Copper K Beta radiation of 1.39217Å
In ageing XRD tubes (and some new!) Tungsten radiation of 1.476Å
This has the implication of causing two trace peaks for every major peak at lower angles.
A third main type of spurious peak is actually caused by the ICDD/JCPDS database. The quality of the database is quite variable and some phases including a few common mineral oxides do not have minor peaks included. So a trace peak, sometimes quite significant in the pattern, could be the residual of dodgy reference data.
When complacent (and even if quite studious), it is not too difficult to get caught out and mis-assign a phase.
Be wary that other spurious peaks can exist depending on the hardware and settings. (e.g., higher order lambda effects due to scintillation counter settings; mis-set Automatic Divergence Slit or slit systems)
Minor Rantlett Relating to the above stated Magnetite/Franklinite Problem
Knowledge of physical properties can possibly help. In the case of the magnetite/franklinite problem, I was asked in one talk why didn't I use a magnet to distinguish between them. Not appreciating the individual physical properties at the time is one answer. Also, I was trained to use $300,000 XRD's to solve problems, not $2 magnets. When you have the expensive toy, you tend to try and solve everything with it, even if not appropriate.
For instance, if you have an extraction problem with your ore, an optical microscope could be far more useful in trying to explain why.
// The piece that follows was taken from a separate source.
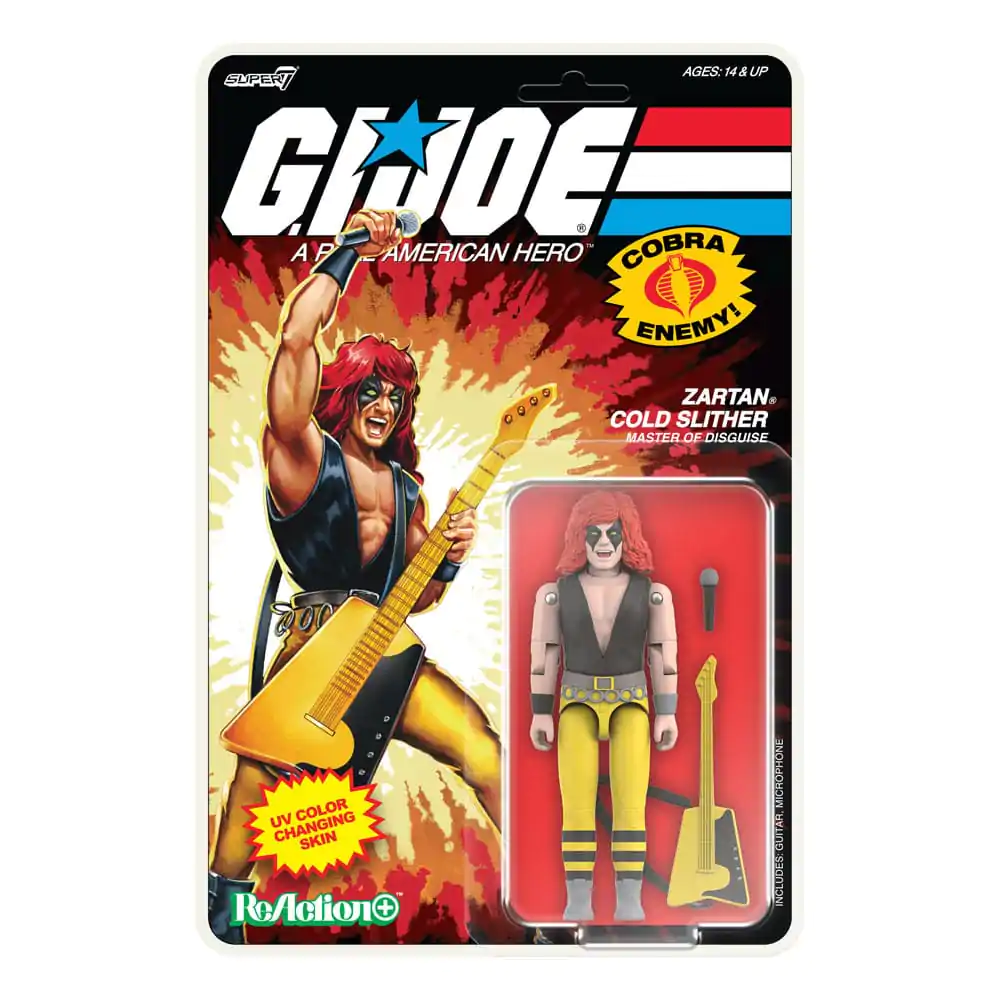 GI Joe ReAction+ Figurina de acțiune Wave 3 Zartan Cold Slither (Cartoon) 10 cm poza produsului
A normal powder XRD may tell you what phases are present, but it will not tell you the spacial relationships (intergrowths) that often determine whether phases will easily segregate out in the processing plant. Before doing an analysis, try and define what is your aim and thus what is the most appropriate method to use.
Example 2c
Look! - no Witherite (Barium Carbonate - BaCO3) is present in this sample.
Phase Identification using XRD may be a bit tricky in unambiguously identifying certain phases as being present. However, it is very good at showing that a phase is absent. Please note that XRD is only sensitive to crystalline phases. While this shows there is no crystalline Witherite/Barium Carbonate present, there could still be amorphous Barium Carbonate present.
Example 3
This hump in the data implies the presence of amorphous or very poorly crystalline phases. In theory, pure amorphous material would give no hump at all and would not reveal its presence easily by XRD; except perhaps by helping to raise the background level.
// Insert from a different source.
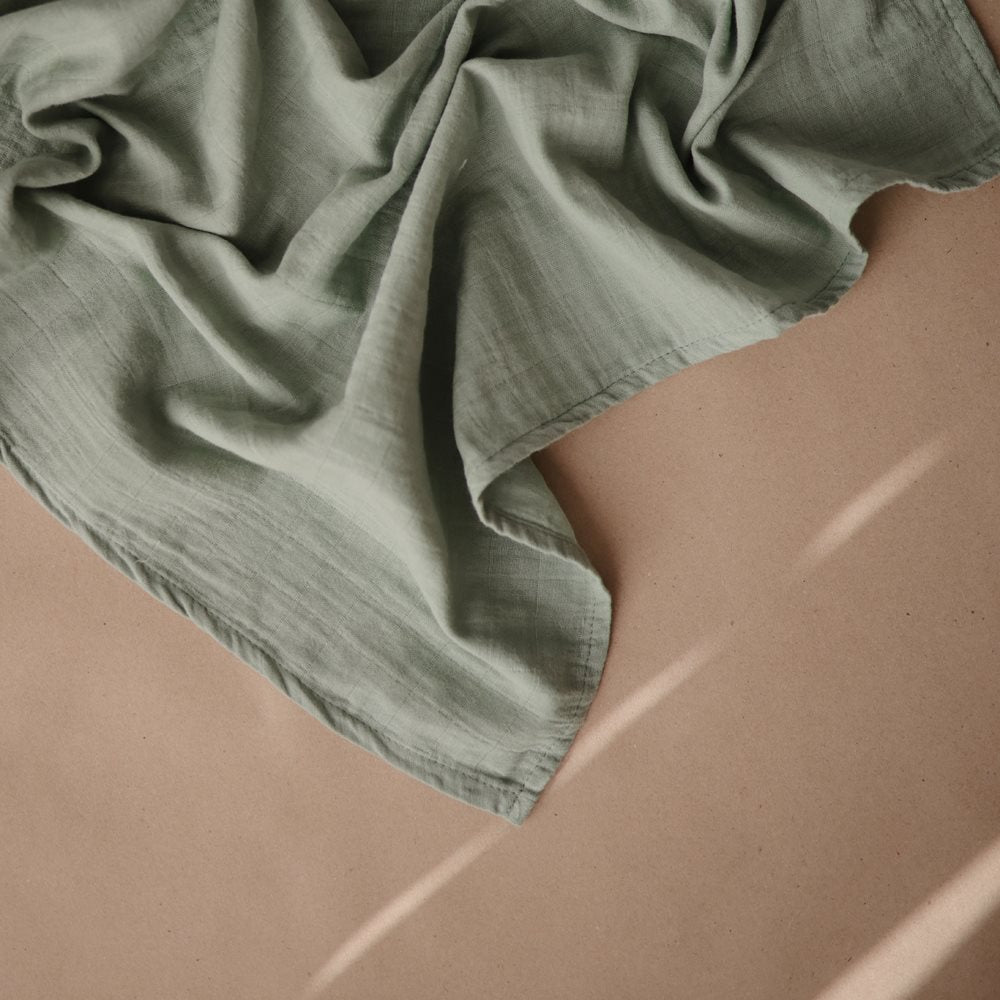 Muslin Cloth 3-Pack - Roman Green Mushie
Note how the intensities of the Platinum metal do not match. This is due to very severe preferred orientation -often called texture when very severe. This is actually typical of running solid blocks of metal alloy in the XRD.
This is also why it is better to use a Silicon zero background plate rather than a glass plate on very small amounts of sample. If you use a glass plate, it can be more difficult to tell if the hump is purely due to the amorphous glass or whether the sample is also making a contribution due to amorphous material.
Example 4
"Non-optimal" ICDD/JCPDS reference data fails to correctly assign all the peaks. The minor peak at 2.436Å really belongs to Plattnerite (Lead Dioxide). Trying to correctly assign this 2.436Å peak to a "trace phase" could put you in a world of pain.
Moral is do not entirely trust the reference data you are given. One ceramic scientist I have known would only use XRD reference data of phases he had personally synthesised. He would only trust his own work - not other peoples.
If not mentioned before, peaks are normally labelled in D-spacing (Angstroms), not two theta (as D-spacing is independent of the wavelength being used). Not everyone uses Copper X-ray tubes. A significant portion use Cobalt X-ray tubes. Cobalt X-ray tubes can be better in some circumstances, such as the presence of Fe and non-Fe containing phases while trying to do quantitative Rietveld analysis.
Example 4a
The ICDD/JCPDS does update its data with better reference data over time. However, there are examples where they have replaced "good" reference data with "not as good" data. This set 25 Plattnerite reference pattern actually matches all the peaks quite well compared to the "later" set 35 plattnerite reference pattern. It is very useful to purchase the ICDD/JCPDS yearly updates of their PDF database but still be careful.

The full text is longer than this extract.